Deputy chairman of the Reform Party’s parliamentary group Hanno Pevkur told ERR on Wednesday that they were planning to use all the means at their disposal to delay the vote on the government’s tax package.
Chairman of the group, Kristen Michal, had said earlier that what bothered the party was that the social tax cut planned by the previous government had been dropped, and that different interest groups had been given too little time to familiarize with the bill and submit proposals to change it.
Deputy chairman of the group of the Estonian Conservative People’s Party (EKRE), Henn Põlluaas, said that they were going along with Reform’s delay tactics, as their proposals to change the bill hadn’t been included either.

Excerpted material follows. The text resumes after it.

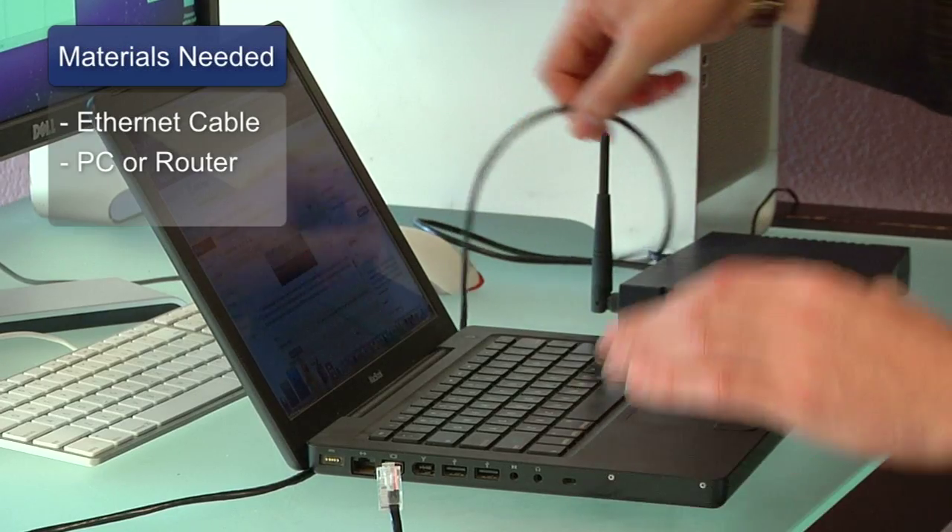This is a short video on how to connect Ethernet cables. All you need for this are an Ethernet cable and somewhere to connect that Ethernet cable to.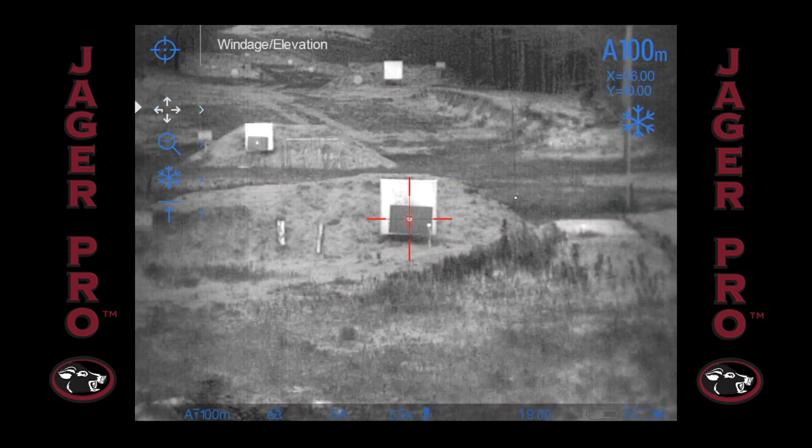Now move the selector up two icons to windage and elevation. Quick press the controller and you will see the X coordinate turn white with the triangle to the right. We want to put the X where the bullet impacted. Adjust the controller forward to move the reticle right. Once you have your windage close, you can quick press the controller and switch to the Y axis for elevation. Adjust the controller forward to move the reticle up.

The Reform Party had calculated that if after every proposal to change the bill they demanded a ten-minute break, the sitting would last 36 hours, Põlluaas said.
The Free Party wouldn’t start demanding breaks, MP Andres Herkel said. In his opinion, marathon sittings didn’t solve any problems. “This is much rather becoming an imitation of the Center Party’s all-night sittings,” he added, pointing to the fact that the new governing party had used similar delay tactics against the previous Reform Party governments for years.
Chairwoman of the Center Party’s parliamentary group, Kersti Sarapuu, said that the upcoming delays would be based on 120 change proposals the Reform Party had submitted in committee. Those were based on the demand to change certain sums euro by euro.
“I think the parliamentary parties all have the right to speak their mind, and every one of them chooses its own method. And if they choose this kind of delay tactic, then we have to hold out anyway,” Sarapuu said.
The sitting discussing the new government’s proposed tax bill began at 2 p.m. on Wednesday.